According to the available data, U.K. consumer electronics demand will remain slightly below 30 billion USD (equivalent to approximately 21 billion GBP) for the next 4 years. Additionally, the demand for different segments will mostly remain the same as well, with PCs, mobile handsets, and audiovisual equipment (including TV sets) accounting for approximately one-third of the demand each. Reports also highlight the negative influence of Brexit over consumer confidence, which is likely to continue to affect consumer behavior and have a negative impact on the consumer electronics market.


Research from McKinsey and Deloitte argue that the luxury goods market in the U.K. has been performing strongly and has a positive outlook. However, the average yearly income of the luxury goods consumer in Europe is estimated at over 220,000 EUR (equivalent to approximately 191,000 GBP). Although a majority of luxury consumers are over 35 years old, millennials are becoming an increasingly relevant demographic for this market. Deloitte has found that, especially in the U.K., the purchasing drivers of older generations differ significantly from those of millennials.

The study found that consumers over 35 years old tend to buy luxury goods mostly due to impulse (36%) or due to attractive offers or sales (17%). However, although impulse purchases account for the most common reason for buying luxury goods, it is a less common driver for males. The data shows only 27% of men report purchasing luxury goods by impulse, while 41% of females are impulse buyers. The next most common reason reported by both, men and women, is "novelty", which accounts for 18% of luxury good purchase decisions.

Purchasing channels, brand awareness, and marketing

Unlike other countries in Europe, U.K. consumers are less likely to wait for seasonal sales to buy premium products. Just 15% of U.K. consumers reported only buying during this period. Similarly, less than 5% of buyers purchase only when new collections debut, meaning U.K. luxury consumers are less driven by new releases and sales than their European counterparts. Furthermore, unlike other European consumers, British luxury enthusiasts become aware of new brands or new releases when visiting department stores (55%), and are less likely to visit new brand stores (10%) to follow recent trends.

According to McKinsey and Deloitte, luxury brands' success relies greatly on creating positive experiences for consumers and developing a physical attachment to their products.
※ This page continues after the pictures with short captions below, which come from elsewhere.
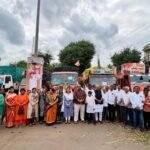 Miraj Constituency Help Solapur Flood Victims 2025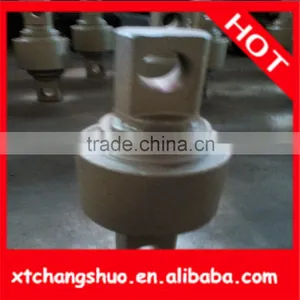 High Quality Auto Parts Higer Bus Torque Rod Bushing Torque Rod Bushing Japanese Truck thumbnail-4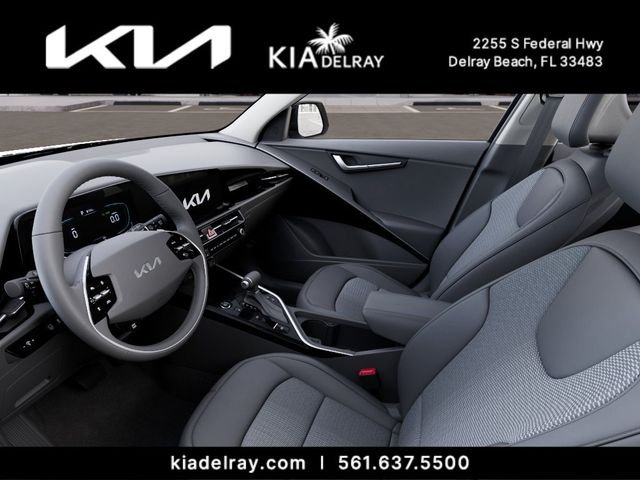 New 2026 Aurora Black Pearl Kia EX image 17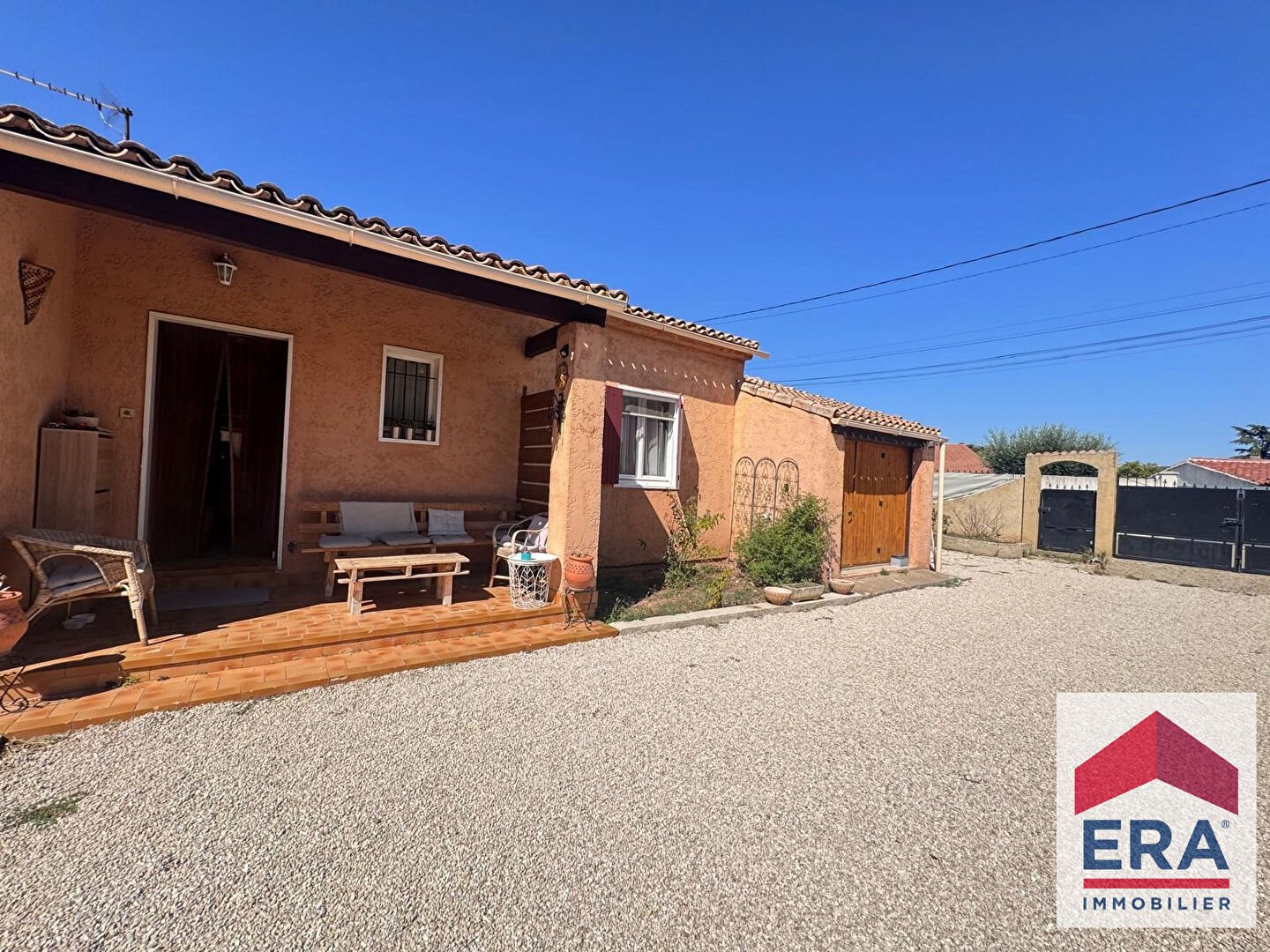Maison à vendre, 100m², Donzère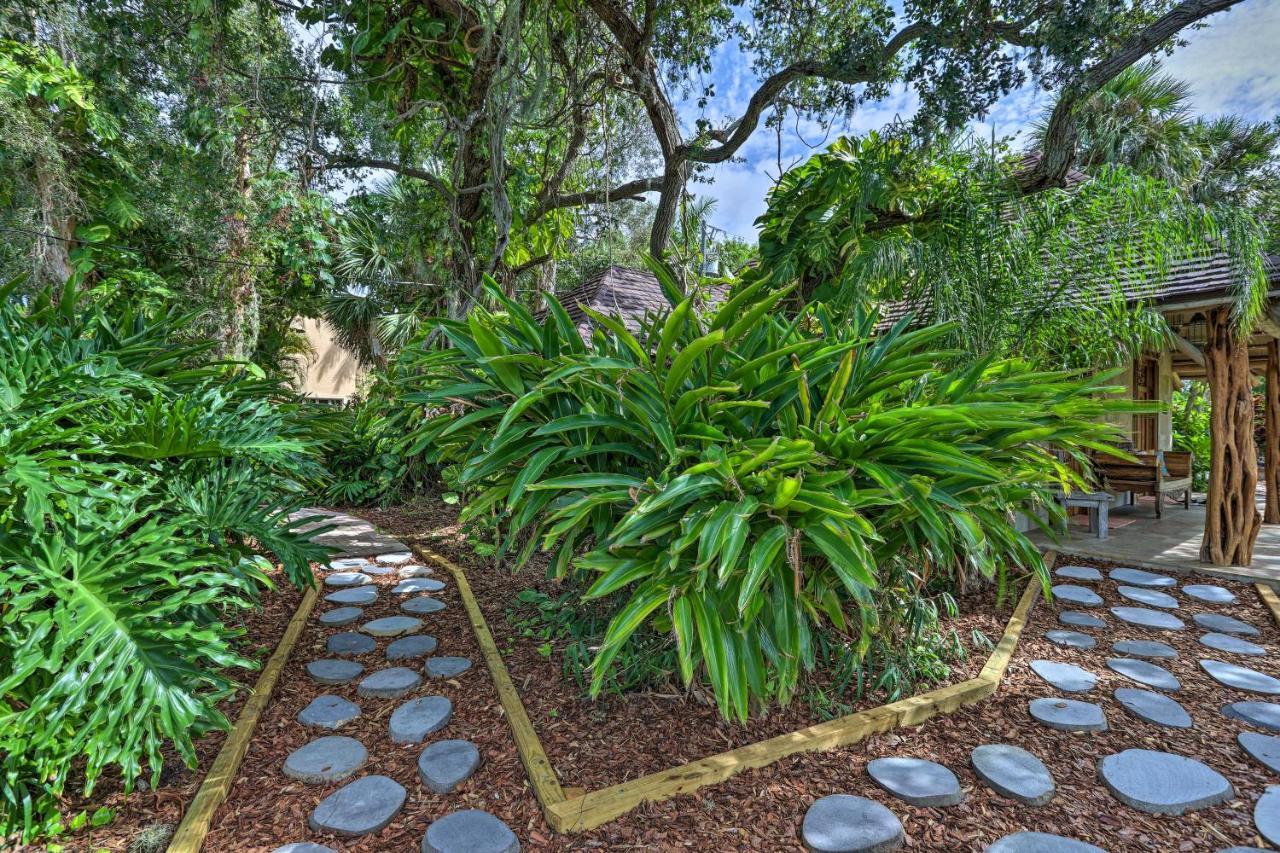 Bali House Tranquil Merritt Island Oasis! Eksteriør billede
Consumers are more likely to purchase premium products when they can see and feel them in person. For these reasons, regular retail stores are essential for their business model. Especially for consumers over 45, retail stores are where they most often make purchases, accounting for over 80% of their luxury goods acquisitions. Most buyers (54%) between 45 and 54 years old also report that a major advantage of buying in stores is being able to immediately take their items. Older consumers (over 55 years old) mention one of the main reasons they prefer to purchase luxury goods in stores is receiving in-store service. Therefore, purchasers over 45 enjoy visiting stores because of the ability to see and feel products, buying them immediately, and receiving high-quality service.

Another relevant finding is the influence of social media in purchasing decisions. The Deloitte study found U.K. consumers are more likely to use social media to look for latest trends (58%), gather information about prices (46%), and come up with gift ideas (42%). Here, it is important to mention most male customers (51%) use social media to find product reviews, comments and, recommendations. Finally, a majority of consumers over 34 become aware of new luxury brands and premium products through magazines, while a majority of younger consumers do so online. Overall, the most relevant marketing channels for learning about new brands are magazines, online media, and television, in that order.


Although we were unable to find information about the premium consumer electronics market and consumer profile, we were able to identify some relevant consumer electronics market trends. Additionally, we also included relevant information regarding premium goods consumers in the United Kingdom, including details about purchasing channels, brand awareness, and marketing channels.